Foodie Friday! This is the time of year when there are all sorts of articles written about the best and worst of the previous year along with some predictions for the upcoming one. Food writers go along with this, of course, and I was reading a piece on some predictions for food trends in 2017. The predictions range from many foods with breakable crusts (think along the lines of creme brulee) to mixed use restaurants (co-working space by day, eatery by night) to more complex vegan food.

I must admit that I’m not really one who pays attention to food trends. For example, a friend taught me a chopped kale salad (finely chopped kale, arugula, toasted pine nuts, some grated parmesan cheese, EVOO and a squeeze of lemon!). It has become a staple on my dinner table. It’s not there because kale was trendy at one point or even because it’s particularly healthy. It’s there because it’s delicious. Which is, of course, the business point.

Do you buy heirloom tomatoes because they’re en vogue? Will you buy bread made from heirloom wheat because you want to impress your friends?
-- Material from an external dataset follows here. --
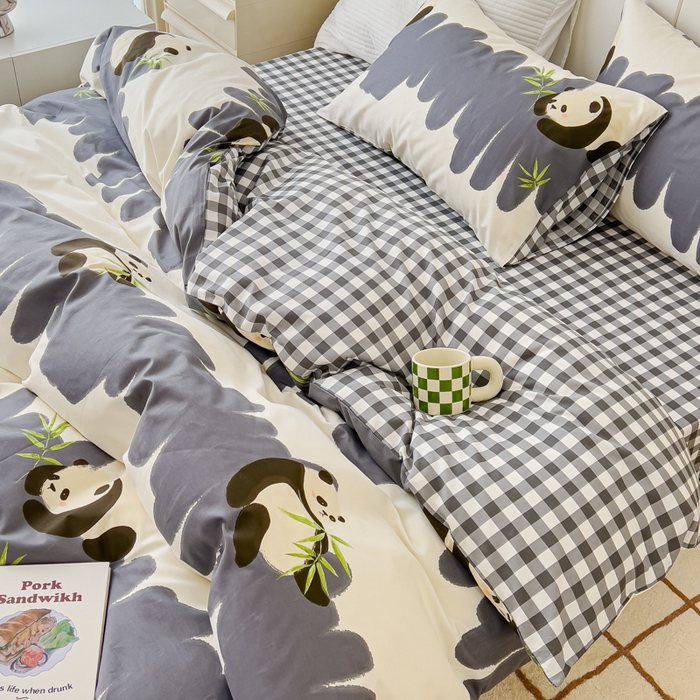 91家纺网 家纺一手货源 找家纺 感遇家纺 2024春夏新品全棉卡通印花四件套-第二批 大熊猫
The answer to those questions is a firm “no.” You buy those things because they taste better than many alternatives, even if they might cost a little more. No one repeatedly patronizes our businesses because they want to be a style maven per se. Sure, if you’re selling this month’s fashion there is a segment of the population that needs the ego boost of wearing the latest thing. But as with the puffy shirt episode of Seinfeld, style or trends can be fleeting. Customers want reliability and great value as you solve their problems.

As I’m writing this I’m realizing that many of the things I like in this world – foods, musicians, golf courses – tend to be classics that have endured over time. I’m also realizing that many of the businesses I patronize – even if they’re relatively new – have the characteristics that are eternal in business. They put the customer first, they deliver great value, and I can rely on them to always deliver what they promise and more. That’s a trend that’s always in fashion.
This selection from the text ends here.